The Opera software team has extended the multiphysics capabilities of the well-known Opera-3D finite element software for electromagnetic design with a new solver that can be used to analyse natural vibration modes. The tool is expected to prove particularly useful for electrical machine developers, who can employ it to investigate and minimise forces that might cause oscillations close to the natural frequencies of the equipment and thereby avoid excessive vibration or collisions between rotating and stationary parts.
By capturing such mechanical vibration in conjunction with electromagnetic modelling, and thermal performance if required, the integrated 3D (three-dimensional) tool suite can greatly reduce the complexity and timescales of design projects.
One of the key benefits of this capability is a further reduction in the need to create physical prototypes to explore the behaviour of a proposed design concept. With the greater understanding of new designs that more thorough simulation brings, it can be possible to reduce the real-world prototyping phase to a few iterations. This can take months out of design cycles – along with the associated high costs.

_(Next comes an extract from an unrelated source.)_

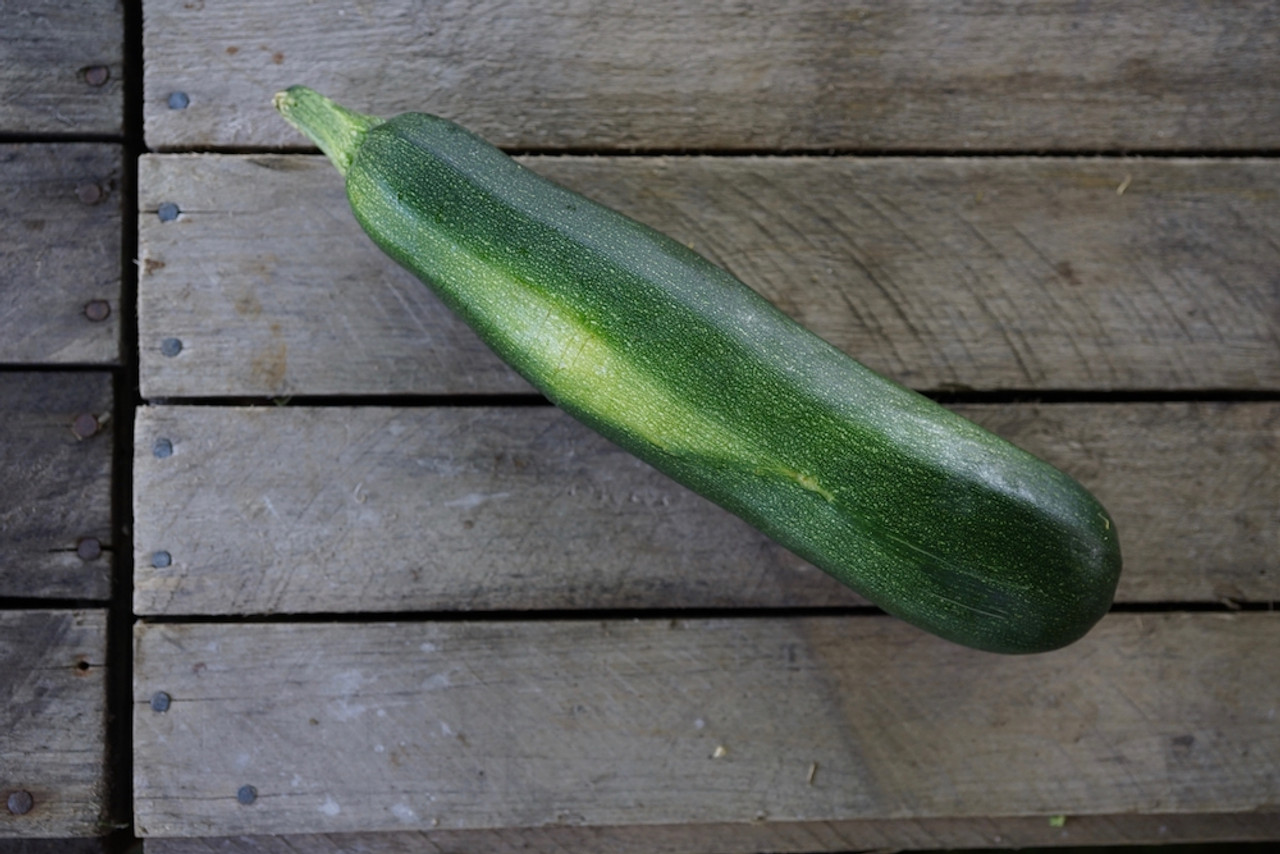 Squash: Zucchini Green/Striped Organic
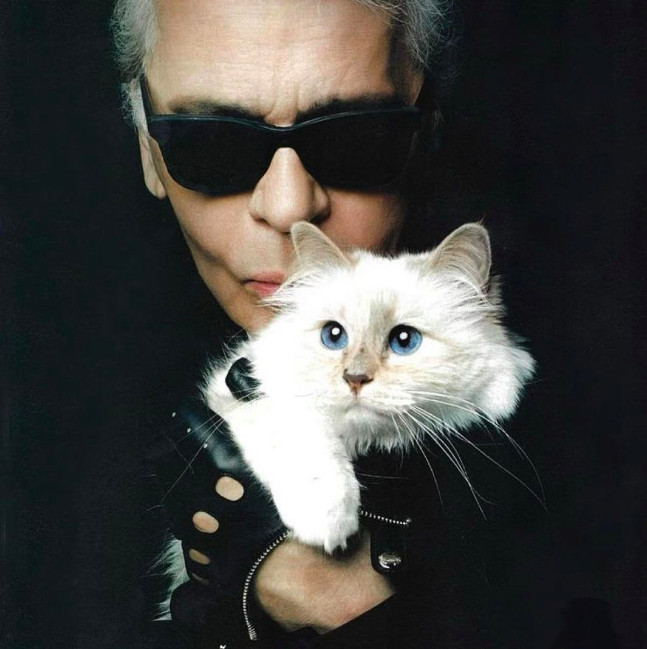 Fakta Menarik Choupette, Kucing Karl Lagerfeld Yang Diperlakukan Istimewa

“Finite element simulation is the most practical tool for exploring design concepts and validating device performance. Adoption from the outset of the design process can stimulate innovation and lead to designs which are right first time,” says Jeremy Howard-Knight of Opera. “With engineering skills at a premium, design automation using computer modelling is an extremely effective investment that companies can make to ensure successful products and a continuing flow of design ideas.”
The latest version of the software extends the fundamental performance advantage of Opera for many common design engineering applications. Mechanical stress and vibration is an important consideration in the design of coils and windings in transformers, motors, generators, actuators, large electro-magnets, and superconducting magnets. For example, the mechanical integrity of the stator end windings of a generator subject to a short-circuit condition, or the ability of a superconducting magnet’s coils to withstand the mechanical forces generated during a quench, are both critical design requirements.

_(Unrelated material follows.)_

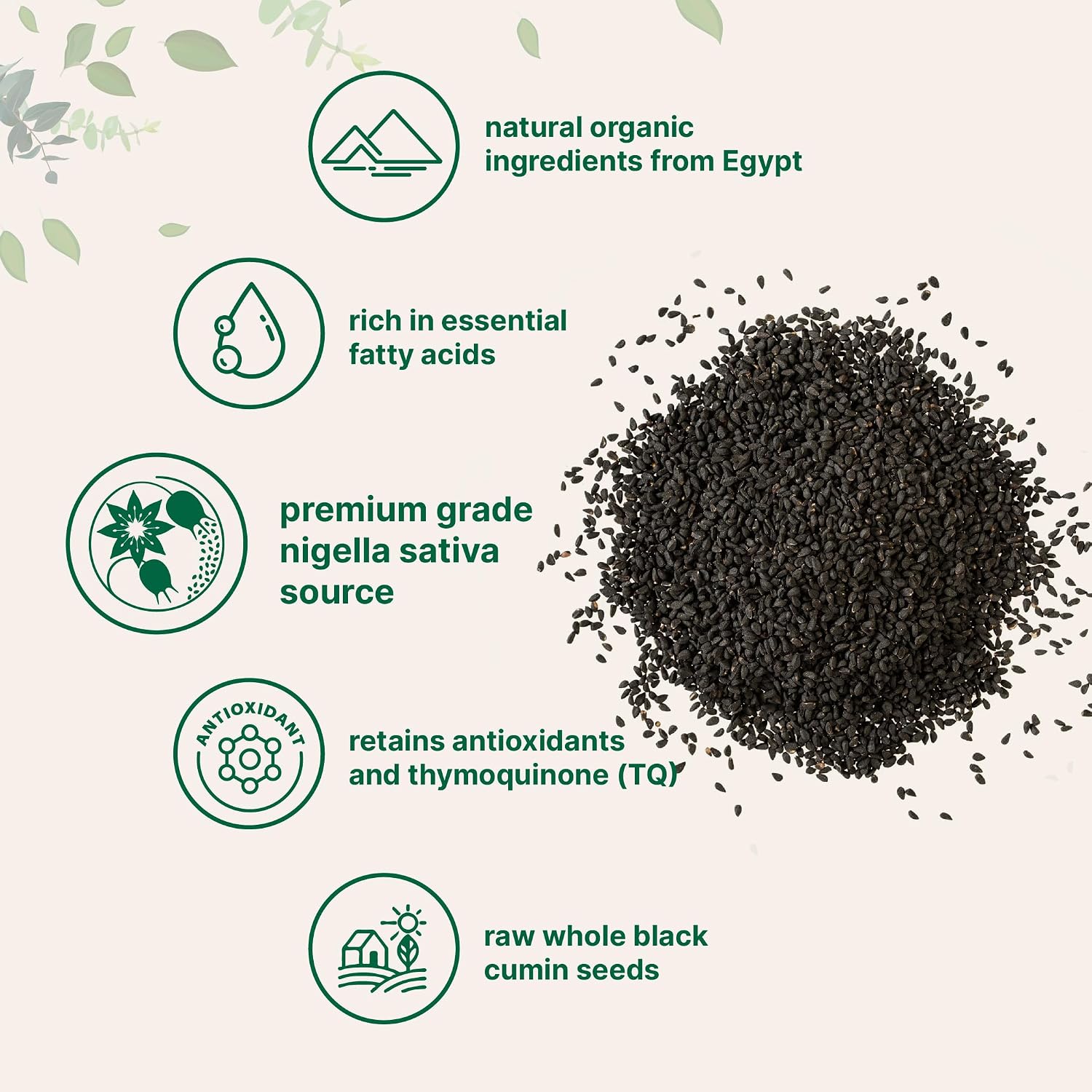 Thumbnail 3 de Micro Ingredients Organic Black Cumin Seeds, 2 lb Whole Nigella Sativa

The new modal solver – known as STRESS/EV – finds a user-specified number of eigenvalues within a specified frequency range and calculates the eigenvectors of each mode. It works in conjunction with the static stress analysis capability of Opera which calculates the deformation, stresses and strains of a body which is subject to external and internal forces. The forces calculated from electromagnetic fields can be used as input to the stress analysis.
STRESS/EV accommodates isotropic, orthotropic and fully anisotropic materials, the properties of which can be specified as a constant or an expression. The program uses the Young’s modulus, Poisson’s ratio and shear modulus of the material, together with its elasticity matrix if it is fully anisotropic.

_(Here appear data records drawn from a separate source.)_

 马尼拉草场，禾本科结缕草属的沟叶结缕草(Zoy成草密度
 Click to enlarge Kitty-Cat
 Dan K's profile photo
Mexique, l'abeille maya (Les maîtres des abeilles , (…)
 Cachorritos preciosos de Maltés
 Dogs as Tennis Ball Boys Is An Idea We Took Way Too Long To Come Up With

Opera provides a complete design-simulate-analyze-optimise toolchain for electromagnetic applications. The software is renowned for its accuracy of simulation and speed of execution. It is a modular product that includes finite element solvers for static and time-varying electromagnetic fields, and application-specific solvers for rotating electrical machines, superconducting magnets, charged particle beam devices, and magnetisation/demagnetisation processes.